[OpenAFS-devel] Patches for Openafs compression support

Jeffrey Hutzelman jhutz@cmu.edu
Thu, 06 Jan 2005 18:12:18 -0500


On Thursday, January 06, 2005 21:06:50 +0100 Peter Somogyi 
<psomogyi@gamax.hu> wrote:

> I have the following problems/questions with this approach:
> - is it good to use the same compression level for storing and
> transmitting  data?
> - is it good to specify the same compression settings (whether to
> compress,  and level) for a whole volserver process? For example: when
> some of the  volumes on that server has RO sites with fast connection,
> and there are some  others with slow connection to RO sites? (Perhaps it
> would require a new  config file or database where a table describes for
> each volume whether to  use compression and level)
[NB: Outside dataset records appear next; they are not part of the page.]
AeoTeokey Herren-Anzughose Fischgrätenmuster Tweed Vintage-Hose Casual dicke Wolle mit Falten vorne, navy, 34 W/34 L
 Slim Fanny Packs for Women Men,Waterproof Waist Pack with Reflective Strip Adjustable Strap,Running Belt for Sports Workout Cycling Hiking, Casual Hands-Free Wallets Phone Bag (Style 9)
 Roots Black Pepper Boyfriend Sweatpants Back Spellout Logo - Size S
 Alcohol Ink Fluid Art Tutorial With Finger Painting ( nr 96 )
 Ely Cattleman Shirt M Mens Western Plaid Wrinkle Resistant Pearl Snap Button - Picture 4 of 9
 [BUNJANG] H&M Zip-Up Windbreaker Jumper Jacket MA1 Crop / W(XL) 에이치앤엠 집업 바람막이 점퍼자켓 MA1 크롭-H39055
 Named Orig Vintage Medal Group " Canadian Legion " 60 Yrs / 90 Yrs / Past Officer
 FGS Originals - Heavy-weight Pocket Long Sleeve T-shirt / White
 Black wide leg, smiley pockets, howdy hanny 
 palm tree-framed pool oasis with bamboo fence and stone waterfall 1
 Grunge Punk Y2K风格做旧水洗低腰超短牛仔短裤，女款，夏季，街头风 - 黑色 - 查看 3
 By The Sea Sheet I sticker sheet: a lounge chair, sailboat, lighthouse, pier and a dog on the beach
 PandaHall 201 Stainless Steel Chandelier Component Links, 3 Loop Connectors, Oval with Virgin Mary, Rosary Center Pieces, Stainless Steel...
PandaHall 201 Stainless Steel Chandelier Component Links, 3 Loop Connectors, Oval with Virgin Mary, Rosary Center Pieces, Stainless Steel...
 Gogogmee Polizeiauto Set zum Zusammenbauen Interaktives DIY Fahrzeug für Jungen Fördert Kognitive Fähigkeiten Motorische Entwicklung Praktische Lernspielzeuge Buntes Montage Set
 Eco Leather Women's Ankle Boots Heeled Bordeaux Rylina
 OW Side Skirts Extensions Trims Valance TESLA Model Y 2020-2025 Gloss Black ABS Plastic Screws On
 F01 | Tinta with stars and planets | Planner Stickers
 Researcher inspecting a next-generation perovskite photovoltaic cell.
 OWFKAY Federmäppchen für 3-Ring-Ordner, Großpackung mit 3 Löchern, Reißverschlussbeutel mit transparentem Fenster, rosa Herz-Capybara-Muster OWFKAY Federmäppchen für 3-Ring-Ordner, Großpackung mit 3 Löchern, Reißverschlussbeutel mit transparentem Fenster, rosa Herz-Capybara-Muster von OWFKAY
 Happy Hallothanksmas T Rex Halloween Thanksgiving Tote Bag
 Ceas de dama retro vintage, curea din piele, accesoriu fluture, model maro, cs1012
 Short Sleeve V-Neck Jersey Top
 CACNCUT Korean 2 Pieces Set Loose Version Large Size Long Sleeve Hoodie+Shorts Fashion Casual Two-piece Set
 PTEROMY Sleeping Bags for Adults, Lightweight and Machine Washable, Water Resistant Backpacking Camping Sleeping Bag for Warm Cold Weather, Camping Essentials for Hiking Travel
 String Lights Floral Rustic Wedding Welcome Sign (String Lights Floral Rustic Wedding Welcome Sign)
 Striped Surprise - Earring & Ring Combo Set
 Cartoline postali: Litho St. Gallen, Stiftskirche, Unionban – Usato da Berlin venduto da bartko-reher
In general, I believe that being able to specify the level of compression 
used is usually more trouble than it is worth.  It is necessary to be able 
to specify the type of compression used (gzip vs bzip2 vs none), but I 
don't believe it is necessary to do so on a finer granularity than a whole 
volserver.

Note that the question of how finely-grained the configuration can be is 
largely an implementation issue, and is easy to change or extend without 
significantly affecting interoperability.  Therefore it's not critical that 
we get it right the first time...

There are a couple of potentially common cases where using compressed dumps 
may be harmful even though both ends support it, and I think these are 
worth considering.

The first is where your network is fast enough or your CPU's slow or loaded 
enough that using compressed dumps results in increased CPU load which is 
not outweighed by the reduction in network bandwidth used.  This is very 
likely to be a function of either the sending or receiving volserver and/or 
their network links.  I believe these cases can be addressed by 
volserver-level configuration; in particular (1) a volserver can be 
configured not to ever send compressed dumps, and (2) a volserver can be 
configured not to advertise support for compressed dumps in its 
capabilities, even though it is capable of decoding them.  In your example 
of a case where some RO servers are behind fast links, those servers could 
be configured not to advertise support for compressed dumps, and would 
therefore receive uncompressed dumps during volume moves or releases. 
Howewver, they would still be able to decode a compressed dump if sent one 
by 'vos restore'.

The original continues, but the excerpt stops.